Test Probes and Input Jacks:
The typical DMM has two test leads and four input jacks. The leads plug in as follows:
BLACK: always plug into the COM input jack.
RED: Plug into the one of the three remaining jacks, depending on what measurement is being performed.
- V/Ω/Diode input for measuring voltage, resistance and Diode checking.
- A input for measuring current upto 10 amps.
- μA/mA input for measuring current upto 400mA.
Measuring voltage
Voltage measurements are made by connecting the DMM in parallel with the measuring point.
If you're measuring DC voltage (such as a battery or a sensor hooked up to an Arduino) you want to set the knob where the V has a straight line (i.e DC).
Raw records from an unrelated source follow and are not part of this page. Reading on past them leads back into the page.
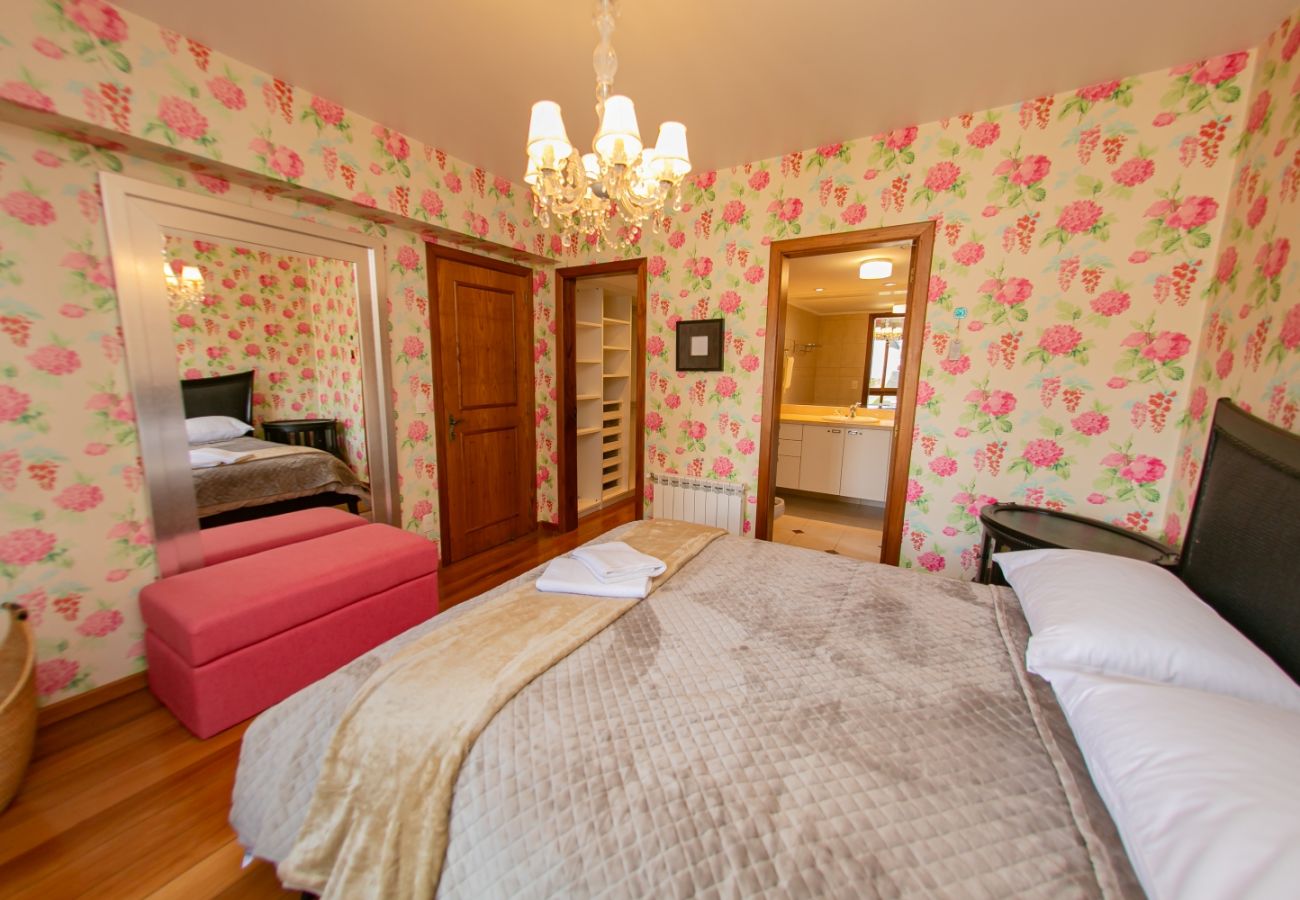 Apartamento em Gramado - Apartamento na Av Central REF 541161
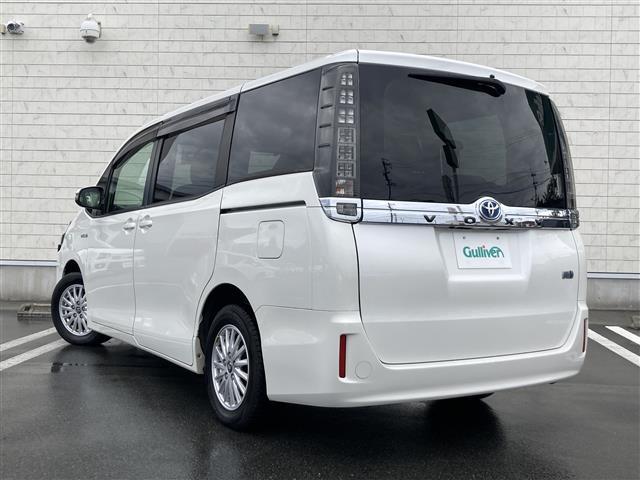 ヴォクシー ハイブリッドV 社外メモリーナビ フルセグTV ETC バックモニター ドライブレコーダー LEDヘッドランプ シートヒーター 両側パワースライドドア クルーズコントロール 革巻きステアリング スマートキー(23枚目)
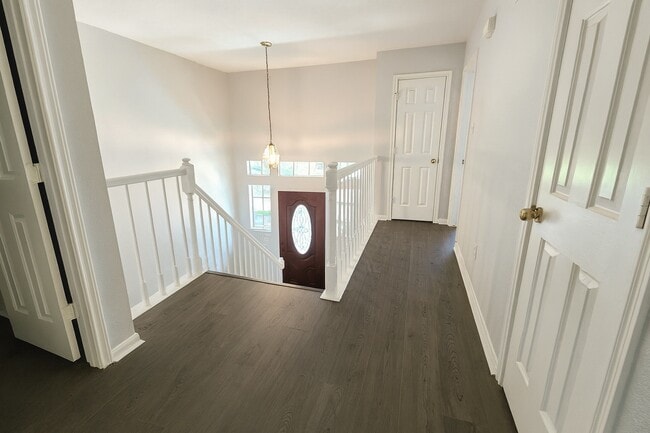 Building Photo - 816 2nd St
AC voltage (like what comes out of the wall) can be dangerous, so we rarely need to use the AC voltage.
When we place the probes of a DMM on the terminals of a battery, we are measuring electromotive force or Voltage, between the positive and negative battery terminals.
Voltage measurement applications: Technicians are concerned with the voltage in different applications:
- Source Voltage : to measure the supply voltage
- Available Voltage : to measure available voltage in the circuit.
- Voltage drop: to measure voltage drop across components.
We can measure voltage...
Between any two points in a circuit.
Between any point in a circuit and ground.
Across any component in the circuit.
Measuring AC or DC Current
The rate at which electrons flow, i.e., current through a conductor is measured using an ammeter. To perform the measurement of current using ammeter, the circuit must be opened and then the meter is inserted in series or in-line with the circuit as shown in figure.
Caution:
Never place the probes across (in parallel with) any circuit or component when the leads are plugged into the current terminals.
Never leave the multimeter in ammeter position once the current measurement is taken.
Don't test higher currents than that of highest current measured by the multimeter in their respective ranges, i.e., mA as well as A range.
Measurement of Current with Clamp Meter
It may be difficult to open a circuit to connect in-line ammeter to measure the current. A new type of test tool that overcomes such problem is the clamp meter which comes with clamp-on current probe with multi-meter.
Measuring Resistance
The Meter measures resistance by sending a small current through the circuit. Because this current flows through all possible paths between the probes, the resistance reading represents the total resistance of all paths between the probes.
Testing for Continuity
The continuity test features a beeper that sounds as long as a circuit is complete. The beeper allows you to perform quick continuity tests without having to watch the display.
Testing Diodes
To check a diode, use the diode check function on the meter and apply both forward and reverse bias. Use the diode test to check diodes, transistors, silicon controlled rectifiers (SCRs), and other semiconductor devices. This function tests a semiconductor junction by sending a current through the junction, then measuring the junction's voltage drop. A good silicon junction drops between 0.5 V and 0.8 V.